The debate springs up in that players that went off to the Bahamas for the U.S. holiday will never be able to receive the Sinister Dragon Mask.  Players that did not pre-order Guild Wars Factions will never be able to wear a Tengu Mask.  And, with new festival hats for each of the five years of Halloween and Wintersday, it is very easy to have missed out on a favorite.  Those that missed out ask for something like Guild Wars costumes that can be purchased any time.  Those with the specific festival hats, appreciably, want them to maintain their exclusivity.  This debate springs up like clockwork nearly every Guild Wars festival.

A huge part of their charm is the fact they are exclusive.  I love pulling my Pumpkin Crown, the first ever festival hat in Guild Wars, out among the crowds during the Halloween festivities.  I don’t care if no one notices or appreciates my account’s age, wearing the Pumpkin Crown is nostalgic for me.  If everybody could purchase the simple festival hat for a couple bucks, it is unlikely that the Festival Hat Maker would ever create another Pumpkin Crown for me again.  The charm would be lost.  Instead of “hard earned” unlockables, nearly all of the festival hats would become mere notches in some invisible belt.

I do not have every available notch in my festival hat.  I believe I am missing 4-6 hats.  At the very least, I know I missed the festival hat payday of Wintersday 2006 with four festival hats dropping instead of the usual two.  It’s a double sting because it has the single Wintersday hat (out of 12) that I want for my head-banging necro – the Great Horns of Grenth.  As far as I know, I will never get it.

It’s so easy, though, ArenaNet!  Just put the Great Horns of Grenth up for sale at the in-game store for $5, and I can guarantee at least one sale.  You won’t have to pay for any artist time.  Oh, how a boy can dream.

In reality, the slope is way too slippery.  Festival hats seem like a good candidate for monetization because they are so widely available.  Players can nearly view them as an item available to all.  Yet, there is no good way to determine how much exclusivity can be sacrificed.  What about birthday miniatures?  Everybody can get a 5-year pet eventually.  How about an ultra-rare item skin with a drop rate zeros below the decimal place?  All the societal leech did was spend a month of straight grinding to get it.  There is no good way to determine how much exclusivity could be sacrificed to the microtransaction gods before the golden goose gets gibbed.

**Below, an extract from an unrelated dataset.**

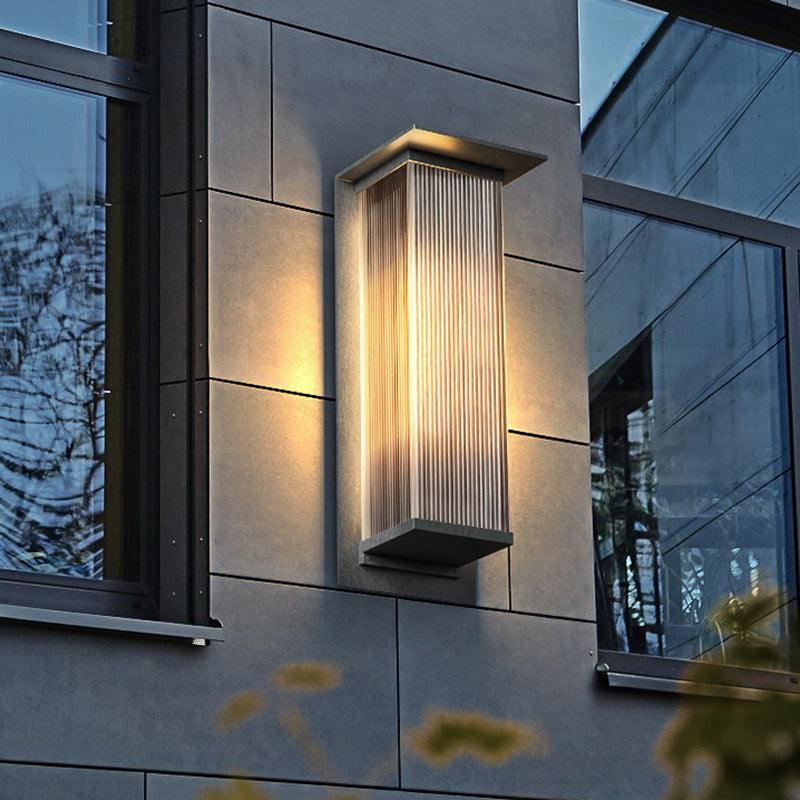 Rectangle Wall Sconce Contemporary Waterproof Wall Light Fixture for Courtyard
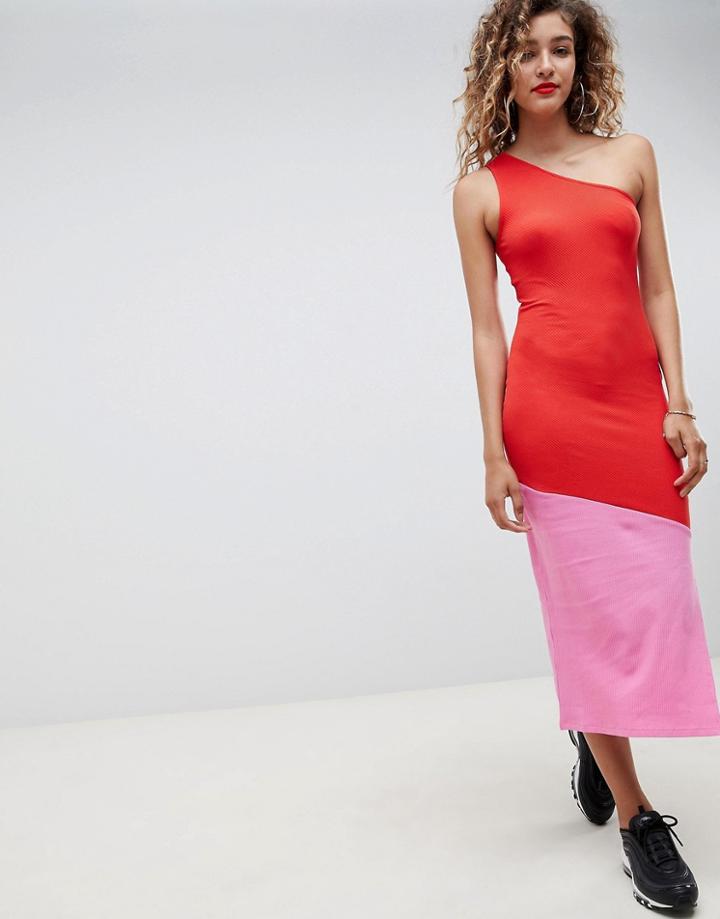 Asos Design Rib Color Block Maxi Dress-multi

The best way, in my humble opinion, is to sell similar items.  The items should have shades of the same exclusivity of the original item, even if any perceived exclusivity would be false.  If anything this would increase the exclusivity of the original.  I wouldn’t mind a Guild Wars Festival Hats pack with a new take on some of the greatest hits (with a Great Horns of Grenth knockoff).  I’m sure there is a market for a Green Murloc Egg in World of Warcraft, and I am looking forward to see what buyable cosmetic items will be available in F2P Lord of the Rings Online.  Just leave my Cloak of the Dark Halls alone.

–Ravious
gift horse in the mouth

9 thoughts on “…Was This T-Shirt”

  1. Make every fluff item attainable through normal means in their time (while the offer lasts) and after they expire… festival is over, seasonal quest no longer available, etc… sell it to whoever wants to buy it for a buck or two.

    Everybody wins.

  2. The only title I use anymore in LotRO is “Master of Forgotten Lore,” which could only be earned by completing a limited time event quest related to Eregion’s Ring Lore.

    You had to complete the quest sixteen times to get that title. But you could only do the quest once a day, and once it had been completed X times, the quest locked down. I was one of the last 50 people on Gladden to turn in. When the daily unlocked sometime around midnight, I was waiting at the NPC in Aughaire. I raced out to a place in Angmar I knew quest item droppers spawned, chopped a bunch of them down, then flew back to turn in my sixteenth batch. Less than ten minutes later, the quest was gone forever.

    That final, tense run to unlock the title is one of my strongest LotRO memories. While I certainly grok the desire to buy retired limited-time unlockables, I still feel that cheapening the distinction of having them for those who were there “in the day” isn’t worth it. Having an item or title that can no longer be gained is – in most games – the only way one can truly distinguish oneself from an endless sea of mostly-identical heroes.

    Imponderable: what do you suppose the reaction would be if CCP started selling in-game Gold Magnates in their online store? It’s not an exceptionally useful ship, but only one (later destroyed by PC pirates) was ever handed out by the devs as a contest prize.

  3. I think selling knockoff version of whatever item we are talking about would be a good solution. Give the item a slightly different shade, or less of a glow, or whatever, and people could still come close to getting the look they are after, without completely ruining the exclusivity of the original item.

  4. For that matter, just mark the things as “The Hat of Whatever (replica)” and have it look exactly the same. That way everyone who cares about exclusivity can say “Here, see how it’s an original. I was THERE!” and everyone who wants it for the looks can be satisfied, too.

  5. I still run around from time to time in my werewolf mask. It just looks cool when you are an assassin.

  6. I like the items to stay exclusive. It is the main reason all my cool collectible items in Warhammer lost all its cool factor. When Mythic had their billing issue the solution was to offer the items that used to be exclusive to players who helped on the test server, or recruited players to the game. Now it all means nothing since every Tom, Dick, and Harry have the same items.

  7. THIS WON’T END WELL! The slope is indeed slippery.

    Solution: Don’t sell hats and/or don’t buy hats.